(Crawled caption data)
↓↓↓
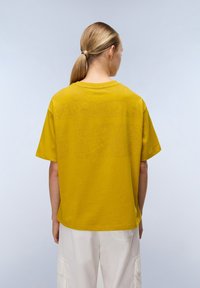 Femme avec une queue de cheval blonde portant un haut �à manches courtes jaune moutarde et un pantalon cargo blanc ample, se tenant devant un fond clair.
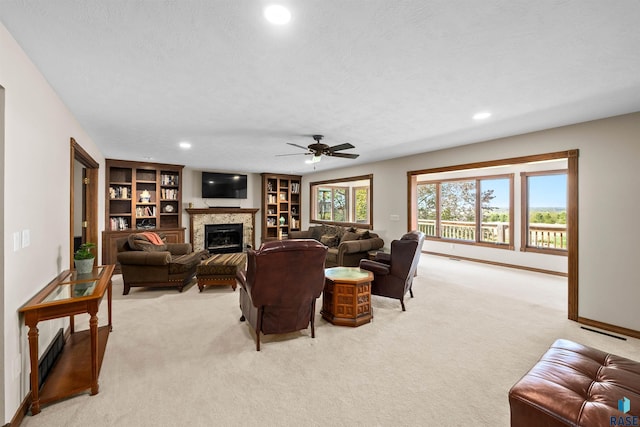 48190 265th St, Brandon, SD 57005 - living room featuring light carpet, a glass covered fireplace, recessed lighting, ceiling fan, and a textured ceiling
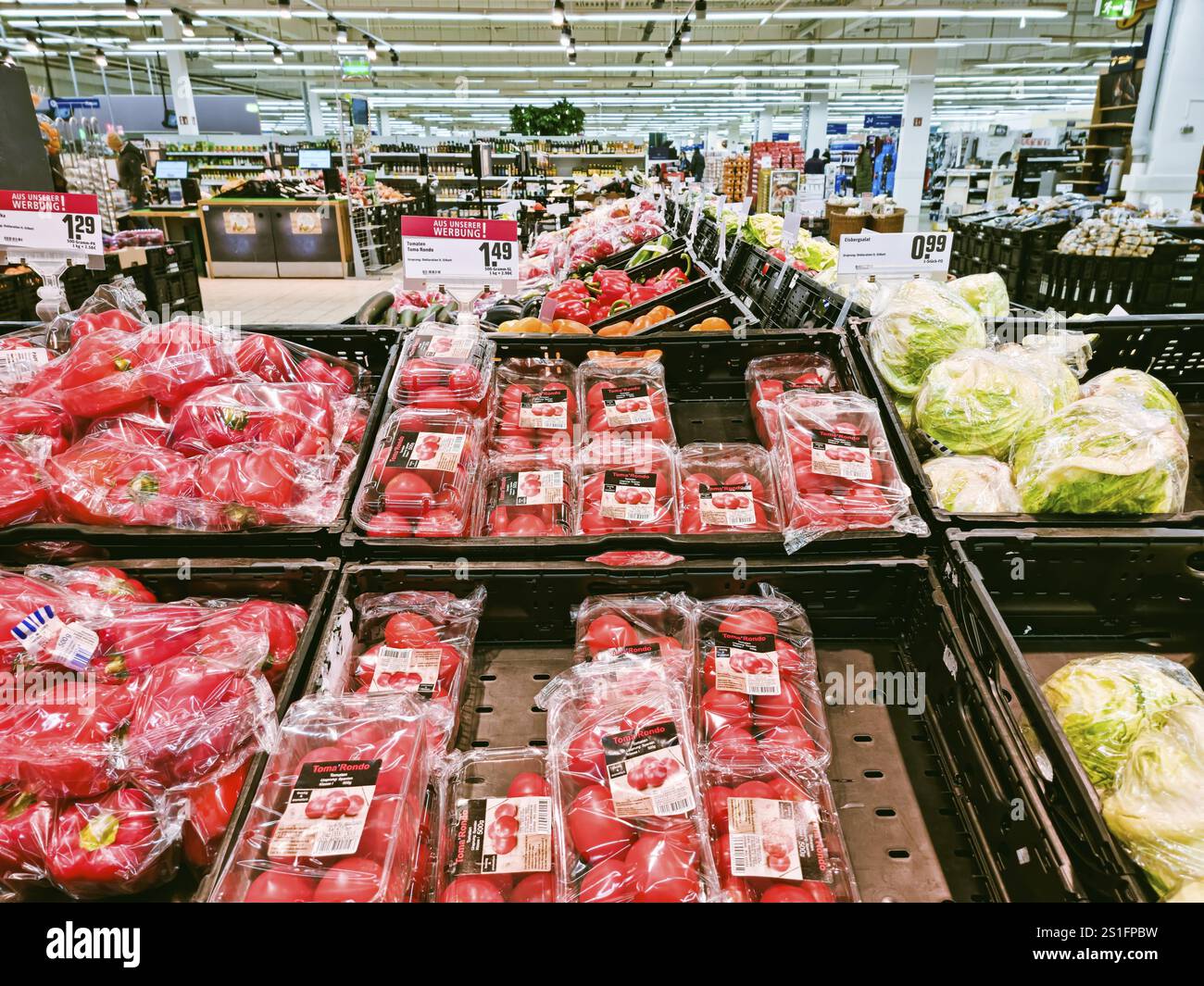 WETZLAR, ASSIA, Deutschland 12-21-2022: Pomodori freschi e succosi, paprica e lattuga confezionati su un tavolo di vendita in un negozio di alimentari Foto Stock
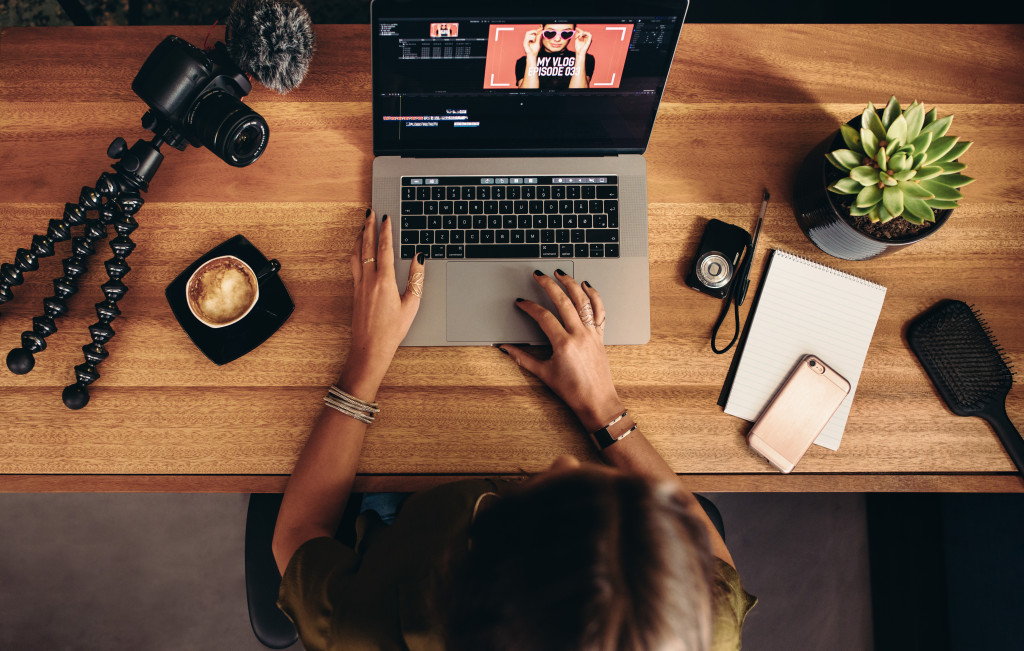 High angle view of female vlogger editing video on laptop. Young woman working on computer with cameras and accessories on table.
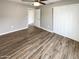 Comfortable bedroom with wood floors, a ceiling fan, and closet space for easy storage at 3134 E Mckellips Rd # 50, Mesa, AZ 85213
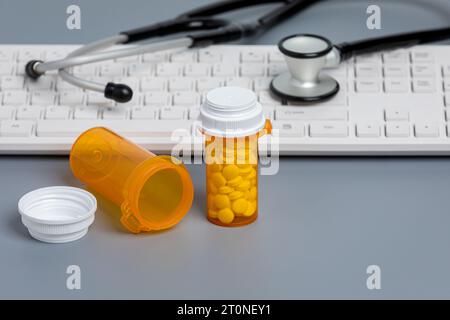 Verschreibungspflichtige Medikamente und Medikamentenflaschen mit Computertastatur. Gesundheitswesen, Telemedizin und Online-Apotheke Konzept. Stockfoto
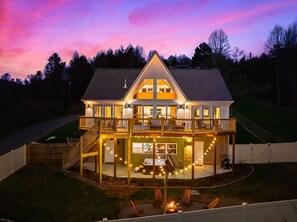 A two-story house with a balcony, a deck, and a fire pit in the yard. - The Nordic Chalet : Theatre Room, Game Room, Hot tub, Fire Pit, Location (Sevierville)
↑↑↑
** What is needed **
All of the data above needs to be given again exactly. Leave out each image.

** Response for this exercise **
 Femme avec une queue de cheval blonde portant un haut �à manches courtes jaune moutarde et un pantalon cargo blanc ample, se tenant devant un fond clair.
 48190 265th St, Brandon, SD 57005 - living room featuring light carpet, a glass covered fireplace, recessed lighting, ceiling fan, and a textured ceiling
 WETZLAR, ASSIA, Deutschland 12-21-2022: Pomodori freschi e succosi, paprica e lattuga confezionati su un tavolo di vendita in un negozio di alimentari Foto Stock
 High angle view of female vlogger editing video on laptop. Young woman working on computer with cameras and accessories on table.
 Comfortable bedroom with wood floors, a ceiling fan, and closet space for easy storage at 3134 E Mckellips Rd # 50, Mesa, AZ 85213
 Verschreibungspflichtige Medikamente und Medikamentenflaschen mit Computertastatur. Gesundheitswesen, Telemedizin und Online-Apotheke Konzept. Stockfoto
 A two-story house with a balcony, a deck, and a fire pit in the yard. - The Nordic Chalet : Theatre Room, Game Room, Hot tub, Fire Pit, Location (Sevierville)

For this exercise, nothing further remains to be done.